Your answer should be only the lines below from the one with "Modern open-plan office" to the one with "istock Solo Hiker", repeated exactly, ends included.

------------------------------------------------------------------------

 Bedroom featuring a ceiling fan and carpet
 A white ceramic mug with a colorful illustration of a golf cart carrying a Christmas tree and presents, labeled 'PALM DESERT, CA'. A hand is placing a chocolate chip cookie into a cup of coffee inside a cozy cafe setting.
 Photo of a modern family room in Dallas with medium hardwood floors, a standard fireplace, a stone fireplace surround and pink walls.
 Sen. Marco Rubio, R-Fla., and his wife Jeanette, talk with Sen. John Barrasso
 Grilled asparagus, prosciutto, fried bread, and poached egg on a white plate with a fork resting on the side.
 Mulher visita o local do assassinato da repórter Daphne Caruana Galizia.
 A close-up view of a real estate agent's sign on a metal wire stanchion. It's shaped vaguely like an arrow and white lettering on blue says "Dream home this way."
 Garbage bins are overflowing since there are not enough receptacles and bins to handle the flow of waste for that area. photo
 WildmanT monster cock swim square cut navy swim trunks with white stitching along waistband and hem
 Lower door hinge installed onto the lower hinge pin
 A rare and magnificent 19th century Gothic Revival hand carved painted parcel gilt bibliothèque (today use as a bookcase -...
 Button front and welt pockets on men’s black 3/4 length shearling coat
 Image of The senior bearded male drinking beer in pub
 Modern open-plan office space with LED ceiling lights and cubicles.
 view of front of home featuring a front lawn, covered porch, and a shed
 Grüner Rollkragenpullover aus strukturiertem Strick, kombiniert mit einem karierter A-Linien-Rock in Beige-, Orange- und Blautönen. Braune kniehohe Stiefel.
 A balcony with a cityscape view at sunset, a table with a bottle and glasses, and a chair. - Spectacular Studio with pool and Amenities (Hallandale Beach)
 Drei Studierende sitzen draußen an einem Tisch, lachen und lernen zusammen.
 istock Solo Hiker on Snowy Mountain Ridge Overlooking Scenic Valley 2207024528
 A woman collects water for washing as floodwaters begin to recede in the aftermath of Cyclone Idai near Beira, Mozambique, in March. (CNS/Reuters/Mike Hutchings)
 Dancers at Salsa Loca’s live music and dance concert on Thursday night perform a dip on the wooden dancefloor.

------------------------------------------------------------------------

» **TASK RESULT**
 Modern open-plan office space with LED ceiling lights and cubicles.
 view of front of home featuring a front lawn, covered porch, and a shed
 Grüner Rollkragenpullover aus strukturiertem Strick, kombiniert mit einem karierter A-Linien-Rock in Beige-, Orange- und Blautönen. Braune kniehohe Stiefel.
 A balcony with a cityscape view at sunset, a table with a bottle and glasses, and a chair. - Spectacular Studio with pool and Amenities (Hallandale Beach)
 Drei Studierende sitzen draußen an einem Tisch, lachen und lernen zusammen.
 istock Solo Hiker on Snowy Mountain Ridge Overlooking Scenic Valley 2207024528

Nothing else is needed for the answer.